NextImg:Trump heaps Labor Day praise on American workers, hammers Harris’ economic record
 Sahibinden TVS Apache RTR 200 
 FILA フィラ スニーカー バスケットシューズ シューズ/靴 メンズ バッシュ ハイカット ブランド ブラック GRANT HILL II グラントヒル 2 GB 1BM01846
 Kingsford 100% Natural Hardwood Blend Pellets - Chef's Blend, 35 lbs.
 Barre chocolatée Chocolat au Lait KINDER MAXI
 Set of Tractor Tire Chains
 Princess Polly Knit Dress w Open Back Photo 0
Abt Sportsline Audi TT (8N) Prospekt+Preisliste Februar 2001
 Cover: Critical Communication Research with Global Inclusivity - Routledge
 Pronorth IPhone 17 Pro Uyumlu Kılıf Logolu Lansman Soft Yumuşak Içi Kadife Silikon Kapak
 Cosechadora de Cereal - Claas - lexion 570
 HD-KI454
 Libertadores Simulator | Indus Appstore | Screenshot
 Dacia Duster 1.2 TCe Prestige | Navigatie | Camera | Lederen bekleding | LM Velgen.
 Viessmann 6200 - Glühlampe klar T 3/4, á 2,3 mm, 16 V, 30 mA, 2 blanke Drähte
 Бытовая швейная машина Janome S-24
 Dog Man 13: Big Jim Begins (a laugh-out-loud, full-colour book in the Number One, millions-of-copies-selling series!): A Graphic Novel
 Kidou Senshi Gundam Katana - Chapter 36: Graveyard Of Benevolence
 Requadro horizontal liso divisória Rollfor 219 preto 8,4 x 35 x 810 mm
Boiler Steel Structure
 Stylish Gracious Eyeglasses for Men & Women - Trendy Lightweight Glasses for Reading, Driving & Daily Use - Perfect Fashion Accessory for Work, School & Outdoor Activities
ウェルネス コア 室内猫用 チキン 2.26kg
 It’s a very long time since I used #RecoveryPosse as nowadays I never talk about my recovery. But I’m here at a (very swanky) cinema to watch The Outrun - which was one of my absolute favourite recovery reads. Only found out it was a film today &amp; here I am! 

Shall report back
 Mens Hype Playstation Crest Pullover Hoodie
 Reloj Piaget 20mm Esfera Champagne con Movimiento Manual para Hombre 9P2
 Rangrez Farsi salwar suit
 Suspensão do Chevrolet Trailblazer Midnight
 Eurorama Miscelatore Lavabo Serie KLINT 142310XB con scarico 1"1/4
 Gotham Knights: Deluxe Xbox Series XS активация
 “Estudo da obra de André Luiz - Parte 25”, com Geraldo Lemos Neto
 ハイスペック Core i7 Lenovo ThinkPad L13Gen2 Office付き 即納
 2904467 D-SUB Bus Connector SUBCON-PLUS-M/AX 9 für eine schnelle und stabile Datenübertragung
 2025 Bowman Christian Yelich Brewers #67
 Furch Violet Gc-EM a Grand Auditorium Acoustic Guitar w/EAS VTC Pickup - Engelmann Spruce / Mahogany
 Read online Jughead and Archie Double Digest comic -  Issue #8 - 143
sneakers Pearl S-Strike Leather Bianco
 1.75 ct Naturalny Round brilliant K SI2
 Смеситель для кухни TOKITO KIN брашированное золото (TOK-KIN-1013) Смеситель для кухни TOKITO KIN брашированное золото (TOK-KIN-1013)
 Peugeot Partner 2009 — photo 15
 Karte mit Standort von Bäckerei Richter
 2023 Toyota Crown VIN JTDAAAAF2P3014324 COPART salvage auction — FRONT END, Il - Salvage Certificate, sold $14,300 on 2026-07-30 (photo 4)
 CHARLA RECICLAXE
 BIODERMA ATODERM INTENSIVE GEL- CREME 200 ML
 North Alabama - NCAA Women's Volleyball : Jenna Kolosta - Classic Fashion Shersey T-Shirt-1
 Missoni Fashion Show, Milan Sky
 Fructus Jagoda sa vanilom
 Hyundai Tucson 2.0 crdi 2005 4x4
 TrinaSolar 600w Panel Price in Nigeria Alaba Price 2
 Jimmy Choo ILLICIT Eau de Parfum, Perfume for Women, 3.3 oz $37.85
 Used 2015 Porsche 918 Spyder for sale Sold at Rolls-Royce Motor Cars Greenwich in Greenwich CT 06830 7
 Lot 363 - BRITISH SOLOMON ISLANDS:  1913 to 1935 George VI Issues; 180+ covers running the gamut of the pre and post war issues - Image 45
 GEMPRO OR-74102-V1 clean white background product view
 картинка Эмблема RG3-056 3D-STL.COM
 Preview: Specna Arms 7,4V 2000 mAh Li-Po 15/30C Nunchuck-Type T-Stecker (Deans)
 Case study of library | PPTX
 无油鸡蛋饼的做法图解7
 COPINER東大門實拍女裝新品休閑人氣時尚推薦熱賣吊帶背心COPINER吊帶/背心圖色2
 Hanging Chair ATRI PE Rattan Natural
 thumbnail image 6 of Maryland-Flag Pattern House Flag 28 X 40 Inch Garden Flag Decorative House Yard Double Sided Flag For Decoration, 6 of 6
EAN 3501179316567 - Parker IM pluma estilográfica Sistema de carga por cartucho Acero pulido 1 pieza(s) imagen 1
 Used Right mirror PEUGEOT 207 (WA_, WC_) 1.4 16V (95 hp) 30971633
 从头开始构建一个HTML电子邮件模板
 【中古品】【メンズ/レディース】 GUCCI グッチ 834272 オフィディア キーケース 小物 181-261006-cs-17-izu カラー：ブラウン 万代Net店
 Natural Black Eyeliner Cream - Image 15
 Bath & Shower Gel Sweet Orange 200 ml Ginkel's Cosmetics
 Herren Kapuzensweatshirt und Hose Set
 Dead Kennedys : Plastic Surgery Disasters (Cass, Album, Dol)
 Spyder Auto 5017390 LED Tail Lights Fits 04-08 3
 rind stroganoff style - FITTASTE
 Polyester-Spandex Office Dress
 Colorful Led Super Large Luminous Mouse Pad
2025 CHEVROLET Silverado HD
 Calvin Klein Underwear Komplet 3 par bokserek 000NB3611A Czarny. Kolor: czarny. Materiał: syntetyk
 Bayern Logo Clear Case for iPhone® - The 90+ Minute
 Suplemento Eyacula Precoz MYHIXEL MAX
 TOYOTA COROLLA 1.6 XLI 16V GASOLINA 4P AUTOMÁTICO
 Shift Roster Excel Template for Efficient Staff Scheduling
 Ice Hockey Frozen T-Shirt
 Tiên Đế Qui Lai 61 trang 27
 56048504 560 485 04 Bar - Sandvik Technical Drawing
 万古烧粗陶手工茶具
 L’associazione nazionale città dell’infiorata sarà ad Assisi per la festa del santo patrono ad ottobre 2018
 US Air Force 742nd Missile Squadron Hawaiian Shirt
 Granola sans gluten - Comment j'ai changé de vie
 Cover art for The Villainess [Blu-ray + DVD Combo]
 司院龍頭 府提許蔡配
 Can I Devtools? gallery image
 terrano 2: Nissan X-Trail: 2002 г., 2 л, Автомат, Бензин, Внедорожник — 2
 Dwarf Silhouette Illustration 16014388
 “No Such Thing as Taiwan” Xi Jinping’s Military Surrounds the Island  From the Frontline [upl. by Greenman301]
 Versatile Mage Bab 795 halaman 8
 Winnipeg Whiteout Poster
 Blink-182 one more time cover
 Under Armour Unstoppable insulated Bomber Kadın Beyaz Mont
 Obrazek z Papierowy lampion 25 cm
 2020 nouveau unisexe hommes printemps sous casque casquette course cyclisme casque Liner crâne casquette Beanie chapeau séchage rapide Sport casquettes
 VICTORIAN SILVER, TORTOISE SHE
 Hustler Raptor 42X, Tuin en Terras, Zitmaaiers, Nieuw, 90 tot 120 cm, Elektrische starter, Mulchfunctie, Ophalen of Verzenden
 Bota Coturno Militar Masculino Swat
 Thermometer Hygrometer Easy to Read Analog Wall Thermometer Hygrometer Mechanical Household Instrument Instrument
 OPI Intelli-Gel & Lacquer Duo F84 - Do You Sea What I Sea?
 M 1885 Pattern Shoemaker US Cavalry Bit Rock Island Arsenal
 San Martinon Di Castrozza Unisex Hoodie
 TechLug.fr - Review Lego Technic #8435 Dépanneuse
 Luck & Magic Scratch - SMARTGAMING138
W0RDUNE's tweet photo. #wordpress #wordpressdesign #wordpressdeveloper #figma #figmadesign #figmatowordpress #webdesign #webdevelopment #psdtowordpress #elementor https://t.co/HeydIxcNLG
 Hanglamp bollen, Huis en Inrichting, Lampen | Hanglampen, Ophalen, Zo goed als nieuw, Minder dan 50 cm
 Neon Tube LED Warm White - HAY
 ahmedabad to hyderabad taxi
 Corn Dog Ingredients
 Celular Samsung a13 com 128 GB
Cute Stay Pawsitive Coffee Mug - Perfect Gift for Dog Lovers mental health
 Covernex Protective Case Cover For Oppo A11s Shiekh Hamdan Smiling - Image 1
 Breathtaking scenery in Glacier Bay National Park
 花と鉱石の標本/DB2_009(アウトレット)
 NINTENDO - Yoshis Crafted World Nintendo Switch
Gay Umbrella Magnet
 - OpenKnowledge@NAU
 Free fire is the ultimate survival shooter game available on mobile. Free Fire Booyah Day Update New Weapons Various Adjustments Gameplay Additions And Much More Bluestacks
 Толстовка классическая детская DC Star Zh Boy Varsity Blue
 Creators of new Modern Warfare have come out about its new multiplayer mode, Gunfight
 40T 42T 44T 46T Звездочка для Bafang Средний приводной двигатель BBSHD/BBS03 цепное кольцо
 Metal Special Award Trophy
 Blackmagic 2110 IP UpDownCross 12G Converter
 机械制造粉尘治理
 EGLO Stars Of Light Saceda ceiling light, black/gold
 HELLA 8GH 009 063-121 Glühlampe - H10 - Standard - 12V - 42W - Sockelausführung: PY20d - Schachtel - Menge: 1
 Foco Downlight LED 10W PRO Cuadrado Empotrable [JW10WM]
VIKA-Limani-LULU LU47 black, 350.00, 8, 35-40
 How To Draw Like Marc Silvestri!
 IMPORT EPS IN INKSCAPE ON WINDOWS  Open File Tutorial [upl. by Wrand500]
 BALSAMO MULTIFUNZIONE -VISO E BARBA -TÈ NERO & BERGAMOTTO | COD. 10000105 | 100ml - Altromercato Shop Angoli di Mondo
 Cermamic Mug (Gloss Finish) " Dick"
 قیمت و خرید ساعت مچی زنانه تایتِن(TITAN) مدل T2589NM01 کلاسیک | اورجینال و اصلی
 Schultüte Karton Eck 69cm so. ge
• • • •
With the line that has "Used 2015 Porsche" as the first and the line that has "Lot 363 - BRITISH" as the last, repeat exactly that run of lines above and no more.

 Used 2015 Porsche 918 Spyder for sale Sold at Rolls-Royce Motor Cars Greenwich in Greenwich CT 06830 7
 Lot 363 - BRITISH SOLOMON ISLANDS:  1913 to 1935 George VI Issues; 180+ covers running the gamut of the pre and post war issues - Image 45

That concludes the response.